What this task involves >> Lines outside the range are not wanted. Give again exactly the lines between the line holding "Dunkle Collage mit" and the line holding "Herringbone peaked cap", inclusive, from the listing below.

-------------------------

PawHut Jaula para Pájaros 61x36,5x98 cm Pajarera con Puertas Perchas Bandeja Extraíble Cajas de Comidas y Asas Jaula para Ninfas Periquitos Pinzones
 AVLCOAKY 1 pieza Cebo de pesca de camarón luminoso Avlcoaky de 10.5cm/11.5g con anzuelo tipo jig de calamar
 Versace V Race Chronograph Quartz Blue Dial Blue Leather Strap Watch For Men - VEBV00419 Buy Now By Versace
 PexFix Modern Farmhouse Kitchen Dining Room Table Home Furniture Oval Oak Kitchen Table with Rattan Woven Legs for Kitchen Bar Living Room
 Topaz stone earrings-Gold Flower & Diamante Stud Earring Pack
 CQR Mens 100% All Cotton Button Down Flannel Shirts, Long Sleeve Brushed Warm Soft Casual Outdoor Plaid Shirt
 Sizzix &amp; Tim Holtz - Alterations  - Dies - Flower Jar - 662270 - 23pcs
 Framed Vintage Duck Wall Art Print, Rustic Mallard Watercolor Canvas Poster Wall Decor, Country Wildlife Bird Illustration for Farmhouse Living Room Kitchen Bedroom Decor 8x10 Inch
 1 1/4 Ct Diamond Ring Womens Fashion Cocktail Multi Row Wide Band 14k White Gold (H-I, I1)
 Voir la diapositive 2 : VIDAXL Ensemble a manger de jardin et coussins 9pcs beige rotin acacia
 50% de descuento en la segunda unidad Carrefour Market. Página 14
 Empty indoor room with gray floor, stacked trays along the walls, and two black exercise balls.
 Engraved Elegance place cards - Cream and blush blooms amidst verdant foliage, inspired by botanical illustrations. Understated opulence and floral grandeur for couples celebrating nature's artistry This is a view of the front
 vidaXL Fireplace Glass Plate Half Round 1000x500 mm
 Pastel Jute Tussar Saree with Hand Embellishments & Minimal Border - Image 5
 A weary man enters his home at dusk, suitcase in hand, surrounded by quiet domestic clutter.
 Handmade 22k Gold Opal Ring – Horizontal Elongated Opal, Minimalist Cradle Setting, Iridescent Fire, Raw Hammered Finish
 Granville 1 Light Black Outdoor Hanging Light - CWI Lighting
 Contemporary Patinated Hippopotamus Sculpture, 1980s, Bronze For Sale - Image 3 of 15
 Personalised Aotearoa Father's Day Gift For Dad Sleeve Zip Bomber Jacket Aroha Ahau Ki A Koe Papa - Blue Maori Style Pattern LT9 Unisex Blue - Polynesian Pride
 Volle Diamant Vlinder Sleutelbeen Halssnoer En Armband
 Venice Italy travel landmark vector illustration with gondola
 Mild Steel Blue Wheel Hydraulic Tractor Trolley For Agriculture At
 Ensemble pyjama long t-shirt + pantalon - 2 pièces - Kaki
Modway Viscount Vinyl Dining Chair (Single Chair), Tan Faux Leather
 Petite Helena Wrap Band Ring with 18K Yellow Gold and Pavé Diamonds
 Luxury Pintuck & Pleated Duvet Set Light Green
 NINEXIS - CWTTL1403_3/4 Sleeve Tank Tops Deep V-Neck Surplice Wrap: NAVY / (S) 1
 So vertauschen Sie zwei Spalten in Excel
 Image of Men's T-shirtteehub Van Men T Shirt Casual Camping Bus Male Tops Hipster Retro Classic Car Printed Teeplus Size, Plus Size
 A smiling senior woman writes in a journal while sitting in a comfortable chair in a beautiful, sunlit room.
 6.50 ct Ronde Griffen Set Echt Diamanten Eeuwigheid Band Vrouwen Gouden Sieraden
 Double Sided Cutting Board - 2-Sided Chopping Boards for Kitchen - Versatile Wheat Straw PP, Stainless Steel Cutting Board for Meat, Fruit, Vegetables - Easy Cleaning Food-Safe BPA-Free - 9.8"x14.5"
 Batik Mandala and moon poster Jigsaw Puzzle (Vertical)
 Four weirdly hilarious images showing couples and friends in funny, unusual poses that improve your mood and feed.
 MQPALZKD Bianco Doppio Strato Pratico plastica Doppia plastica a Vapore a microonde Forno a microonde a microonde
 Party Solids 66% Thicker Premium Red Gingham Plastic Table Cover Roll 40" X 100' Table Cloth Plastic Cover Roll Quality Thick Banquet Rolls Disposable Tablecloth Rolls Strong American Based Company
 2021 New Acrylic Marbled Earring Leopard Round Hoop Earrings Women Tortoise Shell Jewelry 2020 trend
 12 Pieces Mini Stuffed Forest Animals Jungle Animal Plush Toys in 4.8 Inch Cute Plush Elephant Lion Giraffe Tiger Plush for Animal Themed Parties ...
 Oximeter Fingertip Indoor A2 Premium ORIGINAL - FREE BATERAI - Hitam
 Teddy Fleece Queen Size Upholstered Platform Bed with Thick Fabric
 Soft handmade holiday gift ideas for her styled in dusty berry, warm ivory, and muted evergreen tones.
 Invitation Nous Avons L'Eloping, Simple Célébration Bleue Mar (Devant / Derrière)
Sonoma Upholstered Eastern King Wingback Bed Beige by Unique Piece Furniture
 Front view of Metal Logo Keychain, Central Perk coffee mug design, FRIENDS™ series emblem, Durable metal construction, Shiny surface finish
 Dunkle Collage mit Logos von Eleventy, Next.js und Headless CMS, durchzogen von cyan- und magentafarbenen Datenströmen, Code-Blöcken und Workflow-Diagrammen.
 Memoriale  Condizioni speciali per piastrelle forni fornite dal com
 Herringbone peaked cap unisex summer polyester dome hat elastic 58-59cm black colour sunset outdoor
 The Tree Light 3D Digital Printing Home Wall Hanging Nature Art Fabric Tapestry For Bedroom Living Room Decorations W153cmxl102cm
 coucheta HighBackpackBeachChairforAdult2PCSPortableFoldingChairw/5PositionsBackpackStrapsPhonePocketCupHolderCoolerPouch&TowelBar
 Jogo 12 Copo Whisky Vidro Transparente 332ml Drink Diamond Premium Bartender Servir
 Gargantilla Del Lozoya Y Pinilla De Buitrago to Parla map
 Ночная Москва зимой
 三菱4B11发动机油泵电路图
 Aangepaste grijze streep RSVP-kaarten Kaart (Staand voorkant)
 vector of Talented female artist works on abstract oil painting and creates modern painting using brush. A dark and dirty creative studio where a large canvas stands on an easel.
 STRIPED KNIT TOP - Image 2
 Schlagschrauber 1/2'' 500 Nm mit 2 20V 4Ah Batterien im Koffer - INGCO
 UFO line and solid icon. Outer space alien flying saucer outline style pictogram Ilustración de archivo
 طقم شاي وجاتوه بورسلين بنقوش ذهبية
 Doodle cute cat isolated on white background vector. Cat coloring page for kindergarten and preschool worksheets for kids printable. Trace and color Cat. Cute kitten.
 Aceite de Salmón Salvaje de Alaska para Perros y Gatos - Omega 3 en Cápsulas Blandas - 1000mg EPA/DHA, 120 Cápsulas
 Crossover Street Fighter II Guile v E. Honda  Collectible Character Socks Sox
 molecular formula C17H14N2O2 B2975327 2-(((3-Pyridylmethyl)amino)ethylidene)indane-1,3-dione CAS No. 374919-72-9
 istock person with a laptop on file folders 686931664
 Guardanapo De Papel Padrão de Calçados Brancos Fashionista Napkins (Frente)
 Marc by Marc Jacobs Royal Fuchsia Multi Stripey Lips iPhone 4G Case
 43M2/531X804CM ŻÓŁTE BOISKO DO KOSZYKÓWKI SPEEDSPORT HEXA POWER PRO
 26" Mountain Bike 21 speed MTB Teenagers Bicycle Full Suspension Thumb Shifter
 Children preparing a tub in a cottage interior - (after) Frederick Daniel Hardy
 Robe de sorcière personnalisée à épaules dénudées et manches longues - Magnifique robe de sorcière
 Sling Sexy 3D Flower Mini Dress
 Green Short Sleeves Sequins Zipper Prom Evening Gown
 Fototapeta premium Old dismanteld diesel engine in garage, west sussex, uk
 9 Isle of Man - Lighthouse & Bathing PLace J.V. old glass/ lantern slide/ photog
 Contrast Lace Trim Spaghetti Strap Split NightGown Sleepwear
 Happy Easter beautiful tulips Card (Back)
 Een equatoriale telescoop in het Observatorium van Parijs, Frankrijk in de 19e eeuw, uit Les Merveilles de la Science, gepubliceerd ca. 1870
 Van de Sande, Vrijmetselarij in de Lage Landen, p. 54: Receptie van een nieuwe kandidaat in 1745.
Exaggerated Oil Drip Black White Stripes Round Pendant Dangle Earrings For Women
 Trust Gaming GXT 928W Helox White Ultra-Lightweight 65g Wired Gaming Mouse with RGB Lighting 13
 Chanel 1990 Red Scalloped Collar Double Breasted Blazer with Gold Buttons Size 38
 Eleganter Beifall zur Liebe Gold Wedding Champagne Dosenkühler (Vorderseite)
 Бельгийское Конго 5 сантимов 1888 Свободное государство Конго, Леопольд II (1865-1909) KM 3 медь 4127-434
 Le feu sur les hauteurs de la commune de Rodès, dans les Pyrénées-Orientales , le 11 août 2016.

-------------------------

Solution to this task >>
 Dunkle Collage mit Logos von Eleventy, Next.js und Headless CMS, durchzogen von cyan- und magentafarbenen Datenströmen, Code-Blöcken und Workflow-Diagrammen.
 Memoriale  Condizioni speciali per piastrelle forni fornite dal com
 Herringbone peaked cap unisex summer polyester dome hat elastic 58-59cm black colour sunset outdoor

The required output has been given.